NOTE: The Profanity Filter is ON. Turn it off here.

Plot Synopsis

    The novels of James Lee Burke about detective Dave Robicheaux, set in New Iberia, Louisiana, have been hugely popular for a number of years. Robicheaux is not an easy man; a reformed alcoholic, prone to violence and rages, with a set of values that belong to an earlier period of time, much of the interest in the books centres on Robicheaux working through his interior demons while solving crimes in a society that sometimes sickens him. The books are narrated in the first person, with an ongoing internal dialogue which would make them difficult to film.

     In the Electric Mist is based upon the 1992 novel In the Electric Mist with Confederate Dead. Detective Dave Robicheaux (Tommy Lee Jones) is investigating a series of murders and mutilations of young women when he pulls over a drunk driver. The driver is Elrod Sykes (Peter Sarsgaard), a prominent actor who is in town making a film partly financed by gangster Julie “Baby Feet” Balboni (John Goodman) and sugar mill owner Twinky LeMoyne (Ned Beaty). Sykes tells Robicheaux that while filming a scene they discovered the chained, decomposed body of a Negro man and agrees to take him there. It seems that this body is an incident from Robicheaux’s past: when he was 17 he witnessed the shooting murder of a chained Negro man but the body disappeared and no-one had believed him.

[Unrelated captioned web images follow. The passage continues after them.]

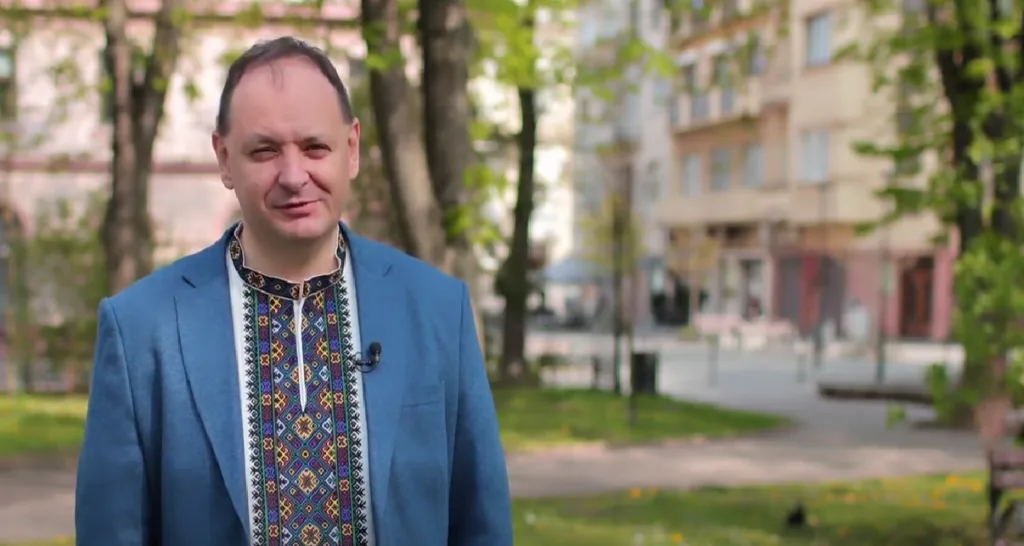 Чоловік у вишиванці на фоні міського парку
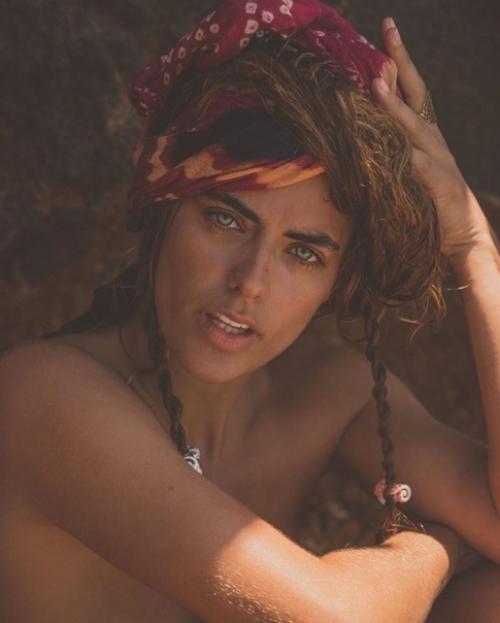 Копия деда.  Потому и грубовата для женщины. 01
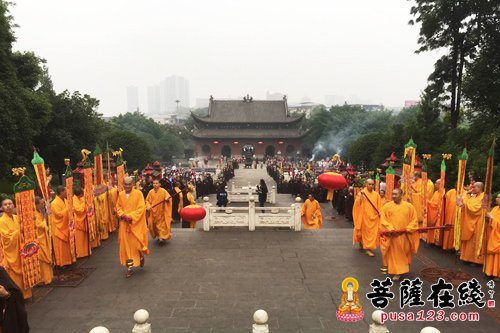 华岩寺-万人齐聚华岩寺 同庆佛诞盛典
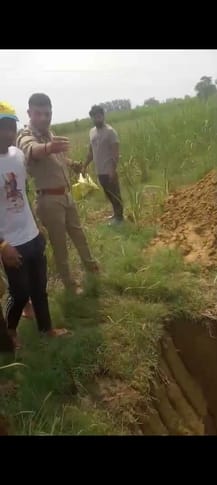 भावनपुर थाना के पचगांव अमर सिंह पटटी गांवडी मे गौवंश के अवशेष की मिलने की सूचला पर पहुंची पुलिस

     As Robicheaux continues his investigation, aided by FBI agent Rosie Gomez (Justina Machado), who has an interest in Balboni, the present and the past collide; not just the events of the present murders and the murder 40 years earlier, but the events of the Civil War between the states when Robicheaux starts to have visions of and conversations with General John Bell Hood (Levon Helm), a general who had led a ragtag band of Confederate soldiers in the area against overwhelming Union forces in the last days of the war. Both men long for a time when honour was an option for good men in dealing with present dangers and difficulties. But as Robicheaux continues to dig into both past and present crimes, he unleashes an evil that threatens not only his life but his family’s existence and all he holds dear.

     Sometimes, in director’s cuts, directors add scenes that were cut from the theatrical release, or even occasionally trim them! However, it is essentially the same film. That is not the case with In the Electric Mist where the director’s cut substantially alters the film. The place and pacing of scenes is changed, the focus is changed and the film is 15 minutes longer. I watched the longer version before the US producer’s cut.

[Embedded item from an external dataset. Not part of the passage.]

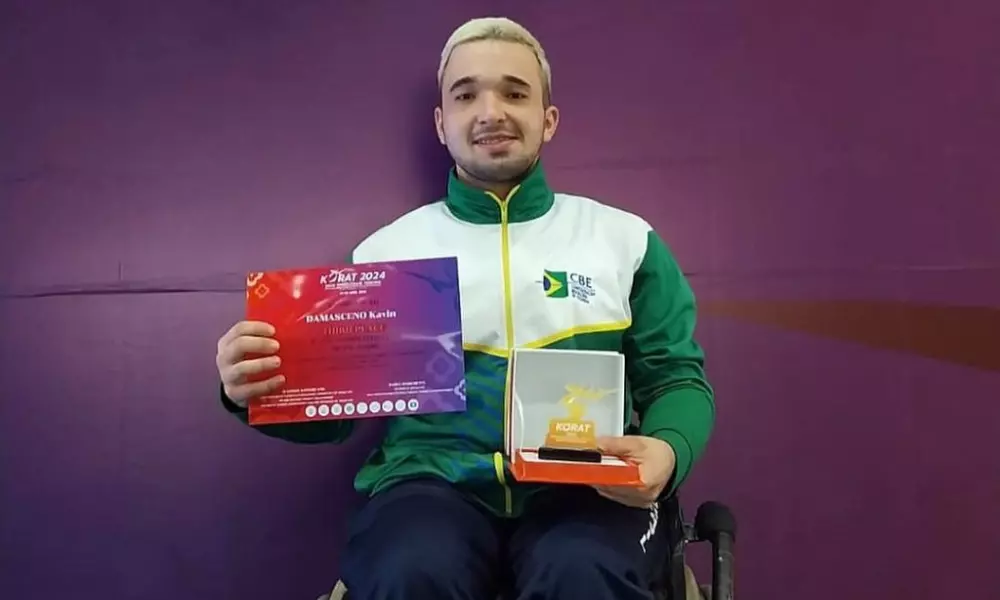 Kevin Damasceno, medalhista de bronze no Mundial Sub-23 de paraesgrima (Divulgação/CBE)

     The director’s version is a stunning film; moody, atmospheric, thoughtful and very satisfying. It is not surprising that French director Bertrand Tavernier brings European pacing, thoughtfulness and a sense of mystery to the project. It is not just about the action but the blending of conversations and clues, past and present, as Robicheaux gradually puts the pieces together and does not like what he finds. While slower paced, the film is never dull and, unusual for a crime thriller (which it is), it takes the time to raise issues about the nature of society, evil and the juxtaposition of the past and the present. Robicheaux, at one point, is accused of not letting go of the past; his response is that the past must be dealt with, or society will never change.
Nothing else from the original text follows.